# Indoor vs. Outdoor Potty Training



## kimmiek915 (Oct 4, 2005)

Well, my baby is 10 months old right now, and she is potty trained to go on her potty pads. So, even when i take her outside, she doesn't pee or poo...EVER...not even once. Now, the pee pads are kind of expensive, and it's a pain in the butt to keep on putting out new ones, so I'm wondering if I should train her to go outside. The only problem is that my baby is home alone for a good 9-10 hours a day when I don't stop by at lunch, so I don't want her to have to hold it for that long. For those of you that have multiple dogs, and have one indoor trained and the other outdoor trained, which do you find more effective. In other words, do you have less accidents with your dogs that are indoor trained or less accidents with the ones that are outdoor trained? Please let me know. Most likely, I will just stick to indoors, but I just wanted to see what you all had to say. Thanks!!


----------



## sevdev (May 1, 2006)

Mine are both outdoor. I started Fuego on indoor training, but the house started to reek like potty (and yes, I am a very, VERY clean person). Finally, I had my husband install a puppy door. It has been in for about 2 weeks, and he's already peeing outside on his own! Pooping is still an issue, but I think for a dog his age (12 weeks), he's doing pretty dang good! He poops outside, but he still has a few accidents inside. I definetly prefer outside!


----------



## kimmiek915 (Oct 4, 2005)

I would think that going outdoors is good too, but as I mentioned, my baby has to be home by herself for a loooooooong period of time each day. If I commit to training my baby to go outdoors, I have to go home for lunch everyday, and that's a bit much for me. Well, thanks for sharing your insight. =)


----------



## littleone (Apr 22, 2006)

kimmiek915 said:


> I would think that going outdoors is good too, but as I mentioned, my baby has to be home by herself for a loooooooong period of time each day. If I commit to training my baby to go outdoors, I have to go home for lunch everyday, and that's a bit much for me. Well, thanks for sharing your insight. =)

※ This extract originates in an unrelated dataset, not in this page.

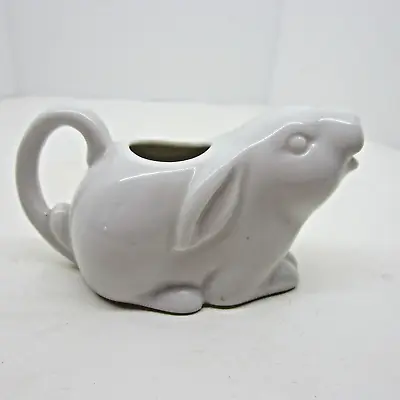 Small White Rabbit Bunny Mini Ceramic Cream Pitcher Cute For Easter Decor Sweet • $10.99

Can you not get someone to take her out for you during the day? Its a very long day for a dog to be left alone, not only to hold it in but it must be very lonely!

Or a kindergarden for dogs? Dog sitter etc?

Im not surprised if she is confused to where to go when no one is there for 10 hours of the day to tell her right from wrong!


----------



## sevdev (May 1, 2006)

I have two dogs and they keep each other company. Before we got Fuego, barkley was all alone and depressed most of the time. They love having eachother to play with. Can you get another dog to keep her company? My older dog has really taught Fuego to potty outside.


----------



## littleone (Apr 22, 2006)

sevdev said:


> I have two dogs and they keep each other company. Before we got Fuego, barkley was all alone and depressed most of the time. They love having eachother to play with. Can you get another dog to keep her company? My older dog has really taught Fuego to potty outside.


Getting another dog doesnt justify or help when your dog is left that long!

If you havent got time to take care of one how are you gonna manage two?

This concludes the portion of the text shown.